As for Viki's question on the best planted tank light:

It really depends on what kind of plants you want to grow, and how much your willing to spend  IMO, I really like the quality of the Aquatic Life fixtures. I have a 26" 2 bulb T5HO AL light on my 20 gallon and I really like it. It's well built, the ballasts are quiet, and produces very little heat. For my 75 gallon planted tank, I recently bought a 48" Odyssea 4 bulb t5HO fixture for $145 shipped. This fixture came with a built in timer, led moonlights, and 4 6500k bulbs. So far the light is performing very well; however the build quality is significantly worse than that of the AquaticLife fixture. The only problem was that the retailer I bought the light from declared the lights value as being $399, even though I paid $109 for it. As a consequence, customs charged me a whopping $49 in tax and duties on it, so be careful when buying online from the US.


----------



## Talmon Firestone (Jan 28, 2010)

Kooka said:


> Talmon, I think the plant your refering to as Cabomba is actually Ambulia (Asian Water Weed). Grows extremely fast with bright lighting and isn't very demanding in terms of water parameters. And the growth you have in your tank looks very leggy, I would trip off tops, throw out the leggy stems, and replant the top cuttings.
> 
> And
> 
> The only problem was that the retailer I bought the light from declared the lights value as being $399, even though I paid $109 for it. As a consequence, customs charged me a whopping $49 in tax and duties on it, so be careful when buying online from the US.

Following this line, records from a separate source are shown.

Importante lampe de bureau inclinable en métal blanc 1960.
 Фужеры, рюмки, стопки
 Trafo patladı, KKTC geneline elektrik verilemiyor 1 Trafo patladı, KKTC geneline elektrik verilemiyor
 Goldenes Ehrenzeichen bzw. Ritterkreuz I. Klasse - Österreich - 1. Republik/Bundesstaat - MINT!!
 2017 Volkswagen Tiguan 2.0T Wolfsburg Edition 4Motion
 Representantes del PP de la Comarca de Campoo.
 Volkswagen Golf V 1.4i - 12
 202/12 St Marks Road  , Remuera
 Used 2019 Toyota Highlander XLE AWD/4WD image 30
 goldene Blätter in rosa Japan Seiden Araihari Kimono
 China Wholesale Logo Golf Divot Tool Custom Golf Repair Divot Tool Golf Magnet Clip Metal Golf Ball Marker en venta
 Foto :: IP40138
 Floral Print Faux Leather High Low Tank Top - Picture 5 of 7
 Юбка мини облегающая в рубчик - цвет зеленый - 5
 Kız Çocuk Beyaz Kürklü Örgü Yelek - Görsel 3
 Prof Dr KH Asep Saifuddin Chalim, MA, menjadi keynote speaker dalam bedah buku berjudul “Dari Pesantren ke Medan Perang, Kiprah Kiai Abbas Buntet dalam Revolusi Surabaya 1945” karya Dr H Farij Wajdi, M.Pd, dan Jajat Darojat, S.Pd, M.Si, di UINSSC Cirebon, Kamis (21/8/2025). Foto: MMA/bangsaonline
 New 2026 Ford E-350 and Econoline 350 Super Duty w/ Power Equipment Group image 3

Hey Kooka, I think you're right about me getting species wrong and those are Ambulias. Thanks!  Do you know why they are now growing so "leggy"? I used to have them in 1.5g pico tanks and they didn't grow leggy at all. Also, my Glossostigma elatinoides keeps growing vertically rather than horizontally but I think that's because I'm using a lower light than I should be for a 10g. That's probably why my Ambulias are growing leggy as well, but just wanted to see what you think?

Also, regarding ordering from the US! It's specifically UPS that shafts people across the border! It probably wasn't taxes you paid, it was probably UPS' handling fee! Fedex is a lot better but the cheapest way to order from the US is to make sure you ship with USPS who passes off your stuff to Canada Post at the border! They take longer but they don't add any handling fees at all, they only charge the real and minimum border taxes.


----------



## Kooka (Feb 8, 2011)

Yes you're right, your light isn't really powerful enough to make your ambulia and glosso grow more compact. I believe the fluval light you have is a PC, and while its fine for less light-demanding plants like crypts, ferns, etc..., you'll continue to see leggy growth in carpeting plants like glosso and high-light stem plants like the ambulia. I recommend getting a T5HO unit if you want to see more compact growth.

As for the Odyssea light, it was entirely the retailers fault for declaring the lights full value ($399!) However, I do agree that UPS does charge extremely high brokerage fees. Also I have to mention that the retailer I bought the light from did agree to compensate me for the extra tax by giving a $30 discount on my next purchase from them


----------



## Talmon Firestone (Jan 28, 2010)

Hey Kooka,

Which T5HO light would I use for my 10g tank? OR... What would think of my idea of getting a second Fluval and using both?


----------



## Kooka (Feb 8, 2011)

I'd get a T5HO. I've been keeping freshwater planted tanks now for 15 years, started out with incandescents, then PCs, T8s and now T5s and in all honesty, I've had the best results with the T5s. If your aiming to grow high-light plants, red plants, or even carpeting plants, go with the T5 light. If you can, buy a quad-bulb fixture, as you can usually still run 2 bulbs on it, or stagger the lighting so that you get a mid-day 4 bulb boost (which is what I do on my 75gal) and if you decide later on to go high-light/ferts/co2 you can run all 4. But if you go with the quad t5ho, you will need co2 and regular fertilization for sure.


----------